___ Input data ___

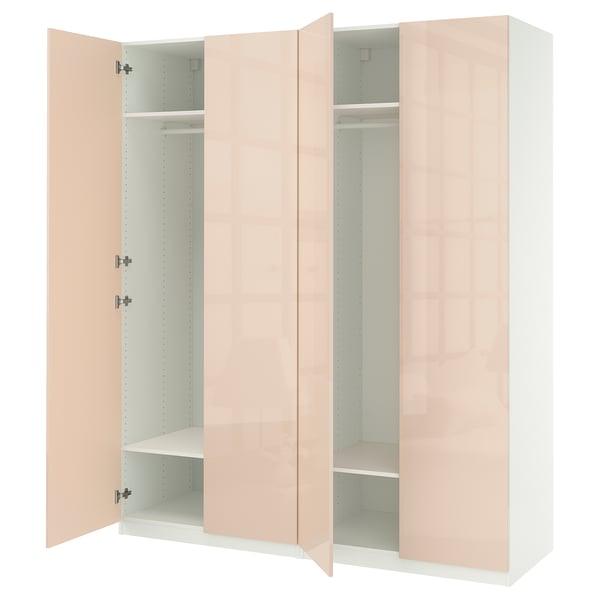 An open beige PAX wardrobe, featuring shelves and a rail inside.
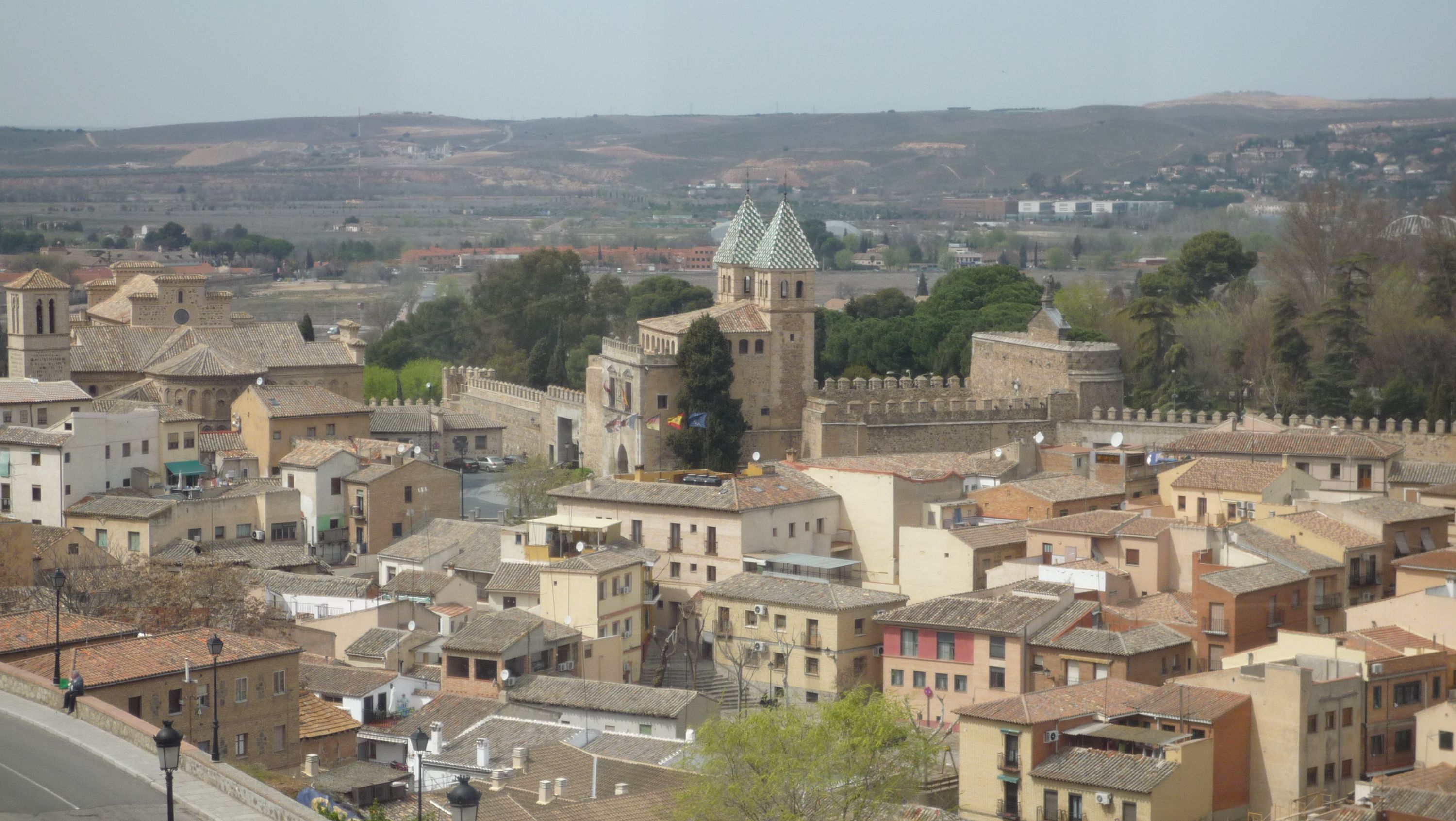 A historic town with traditional architecture, including a prominent tower and a fortified building.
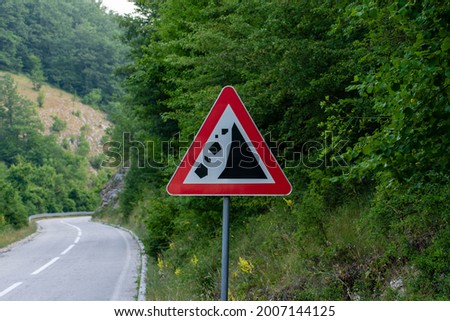A traffic sign warning of a landslide. Falling rocks or debris warning road sign.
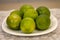 Group of lemons on plate and white tablecloths on the table.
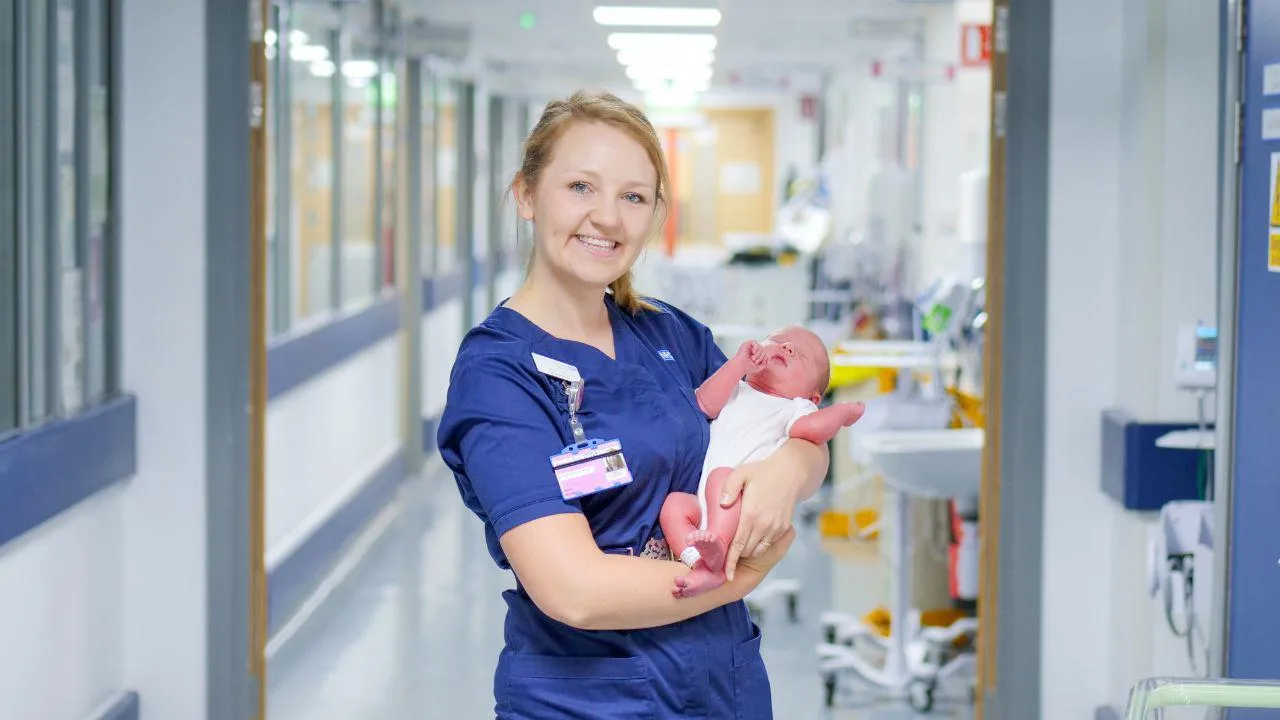 Midwife holding a baby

___

= About this task =
Nothing but the lines from the one containing "A historic town" to the last line of the records should be returned, exactly as they appear and without pictures.

= Your solution =
 A historic town with traditional architecture, including a prominent tower and a fortified building.
A traffic sign warning of a landslide. Falling rocks or debris warning road sign.
 Group of lemons on plate and white tablecloths on the table.
 Midwife holding a baby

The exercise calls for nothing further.